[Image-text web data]

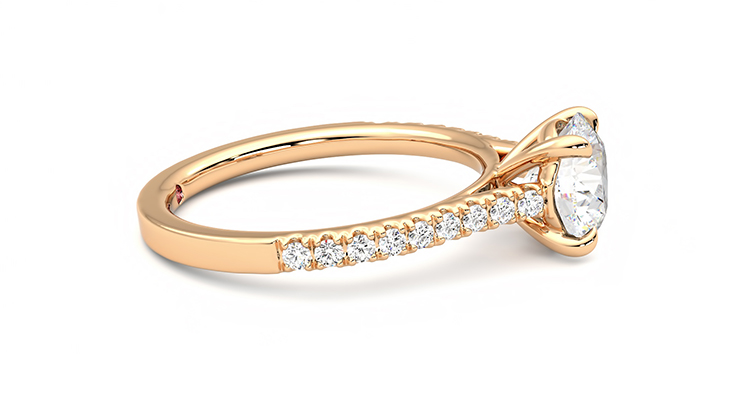 Taylor & Hart Serendipity Round Engagement Ring 360 degree image 9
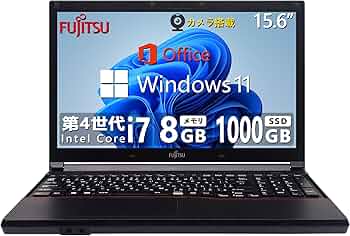 早い者勝ち！美品＆Win11＆バッテリー４時間半！LIFEBOOKノートパソコン Amazon.co.jp: 【整備済み品】 富士通 ノートパソコン FMVシリーズ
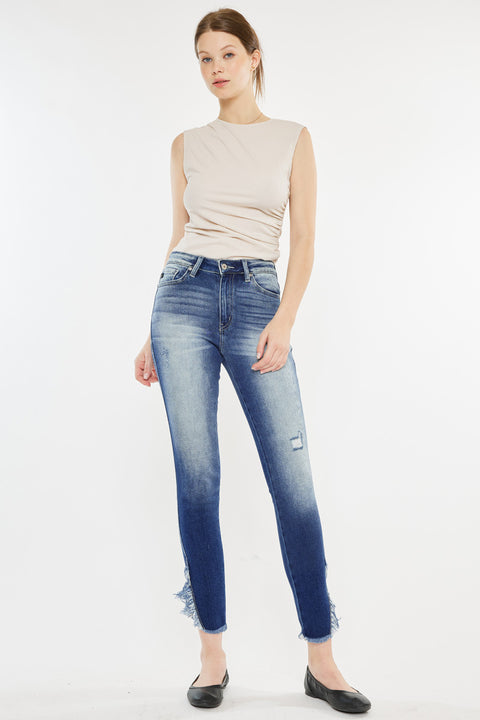 Geneva High Rise Ankle Skinny Jeans - Official Kancan USA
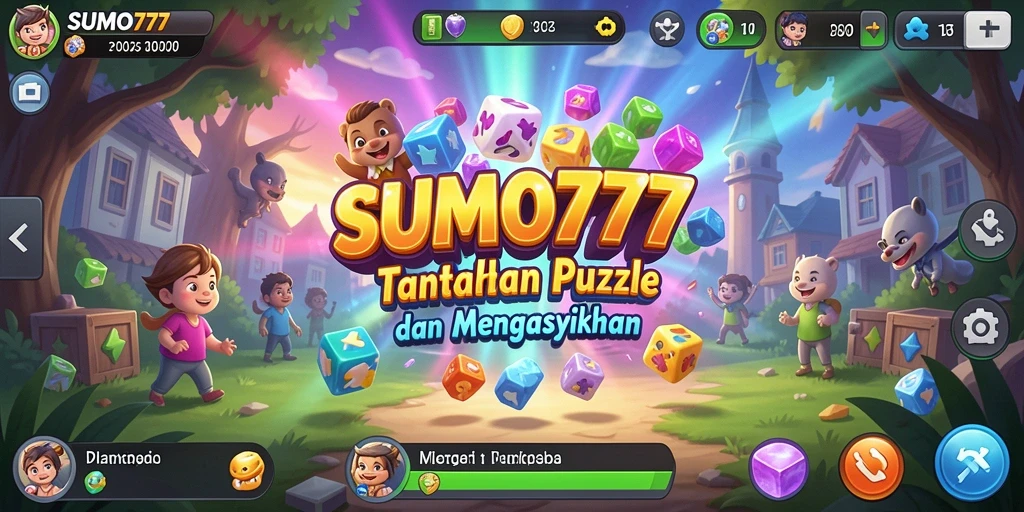 Screenshot gameplay SUMO777 yang menunjukkan tantangan Puzzle yang menarik.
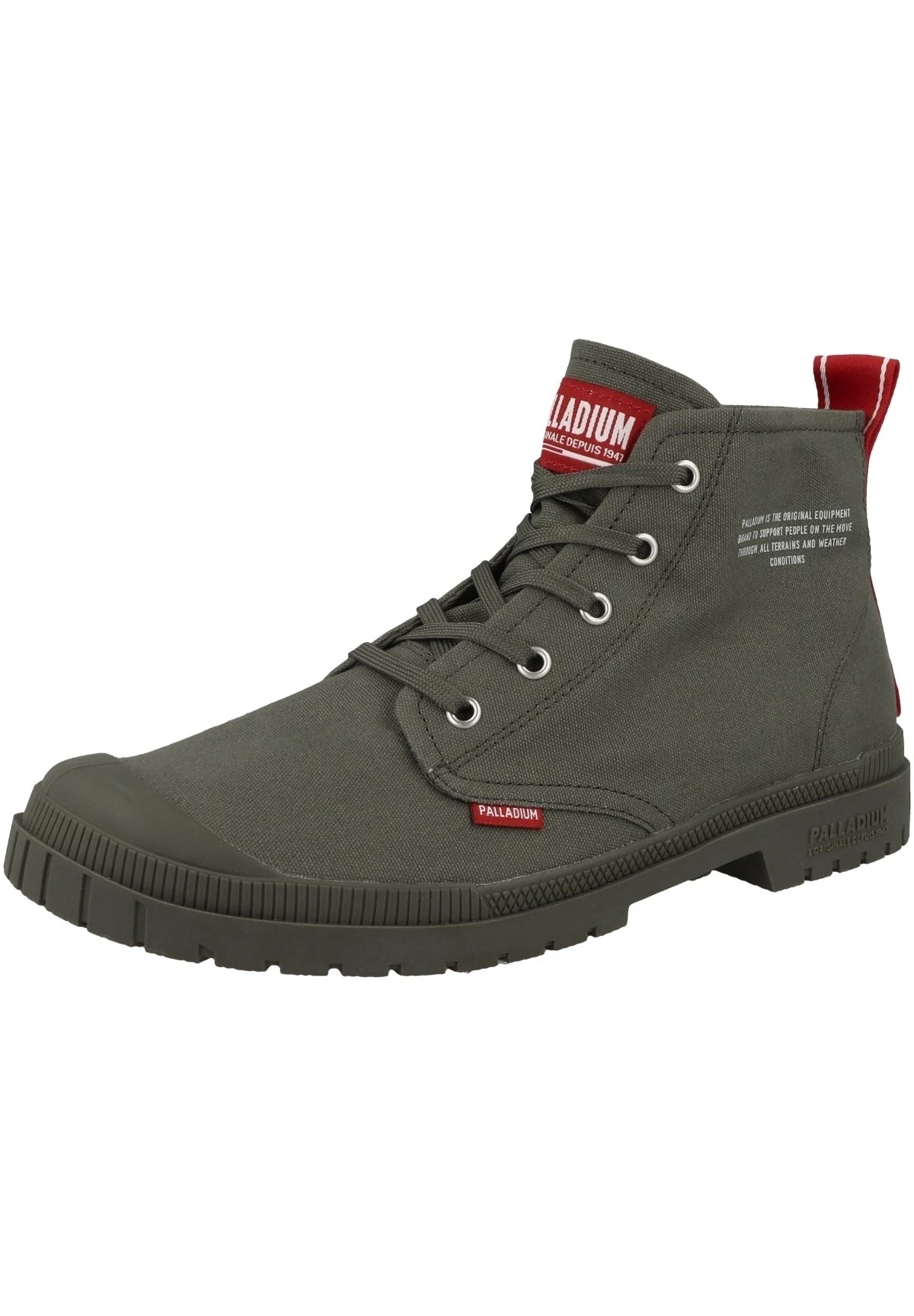 Palladium Pampa Dare Flannel - Bottines À Lacets - Olive Night 4 Palladium Pampa Dare Flannel - Bottines À Lacets - Olive Night – Image 2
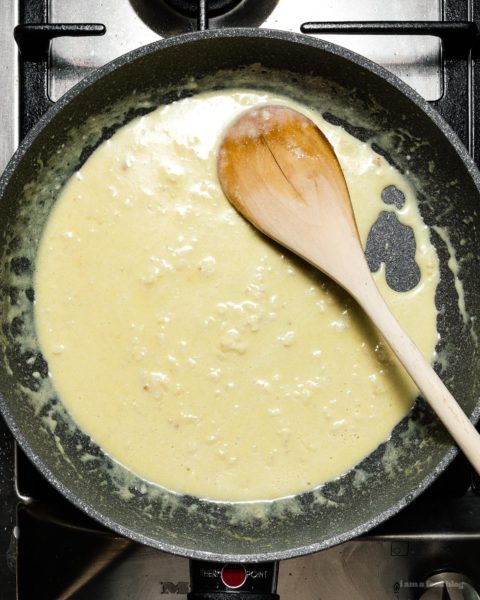 Pan-Roasted Honeynut Squash with Creamy Garlicky Pasta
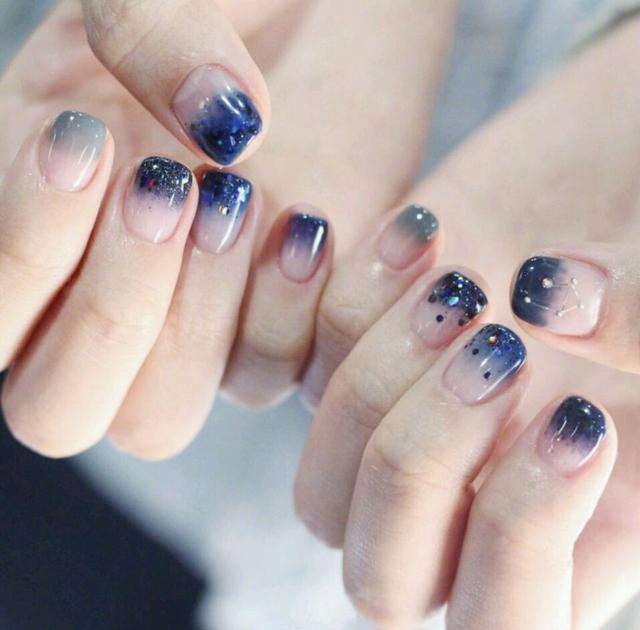 藍色系美甲圖片2019 仙氣滿滿藍色系美甲 藍色系美甲圖片2019 仙氣滿滿藍色系美甲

What the exercise asks ::
Repeat only the lines from the one holding "早い者勝ち！美品＆Win11＆バッテリー４時間半！LIFEBOOKノートパソコン Amazon.co.jp: 【整備済み品】" through the last line of the data, inclusive. Keep the pictures out.

Exercise answer ::
 早い者勝ち！美品＆Win11＆バッテリー４時間半！LIFEBOOKノートパソコン Amazon.co.jp: 【整備済み品】 富士通 ノートパソコン FMVシリーズ
 Geneva High Rise Ankle Skinny Jeans - Official Kancan USA
 Screenshot gameplay SUMO777 yang menunjukkan tantangan Puzzle yang menarik.
 Palladium Pampa Dare Flannel - Bottines À Lacets - Olive Night 4 Palladium Pampa Dare Flannel - Bottines À Lacets - Olive Night – Image 2
 Pan-Roasted Honeynut Squash with Creamy Garlicky Pasta
 藍色系美甲圖片2019 仙氣滿滿藍色系美甲 藍色系美甲圖片2019 仙氣滿滿藍色系美甲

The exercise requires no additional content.